**Exercise:** Begin at the line containing "Hendersonville, TN 37075" in the records below, end at the line containing "för fler bilder/frågor🙌🏼", and retype each line in that span exactly. No other line and no image should appear.

**Records to use:**
# # # # # # #

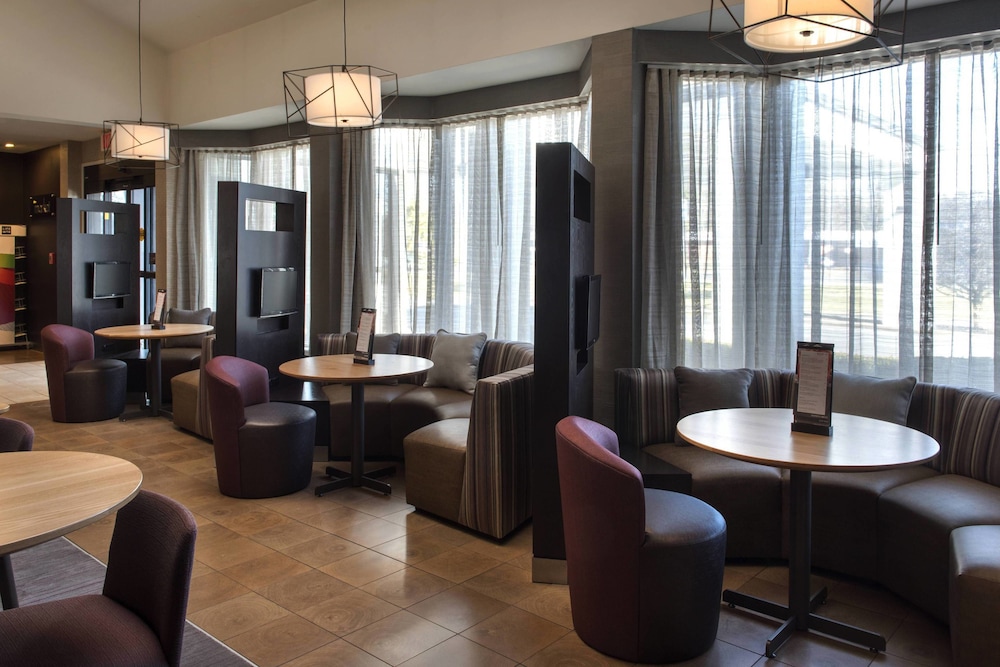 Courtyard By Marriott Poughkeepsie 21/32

# # # # # # #

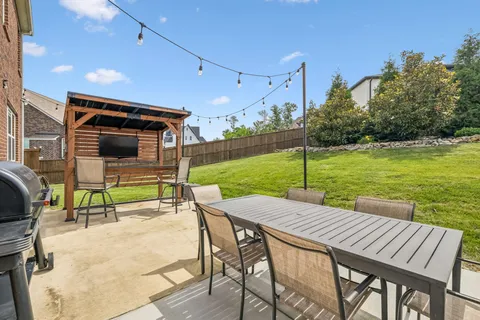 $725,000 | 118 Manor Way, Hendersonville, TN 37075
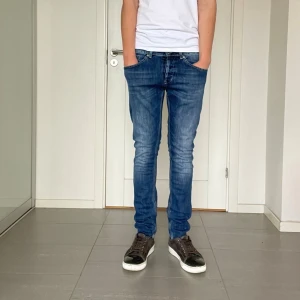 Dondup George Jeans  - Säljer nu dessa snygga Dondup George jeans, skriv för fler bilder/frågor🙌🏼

# # # # # # #

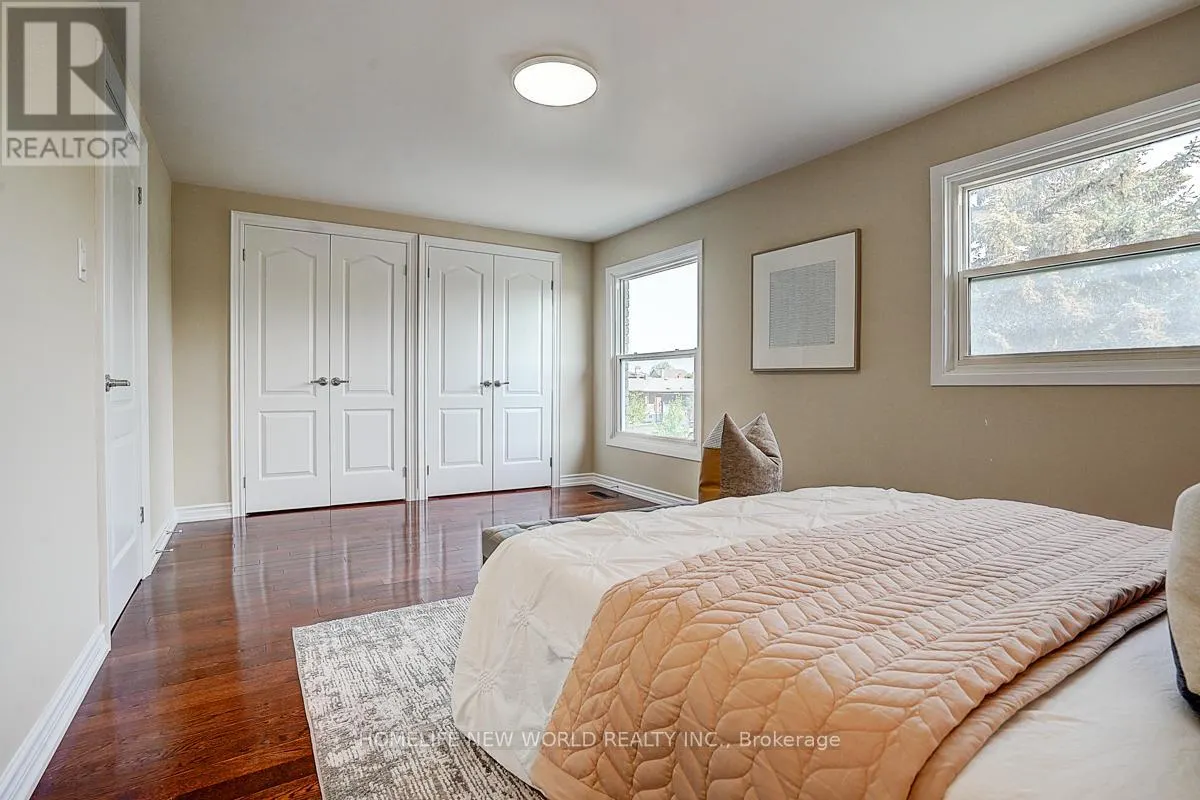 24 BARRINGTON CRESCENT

# # # # # # #

**Answer to the problem:**
 $725,000 | 118 Manor Way, Hendersonville, TN 37075
 Dondup George Jeans  - Säljer nu dessa snygga Dondup George jeans, skriv för fler bilder/frågor🙌🏼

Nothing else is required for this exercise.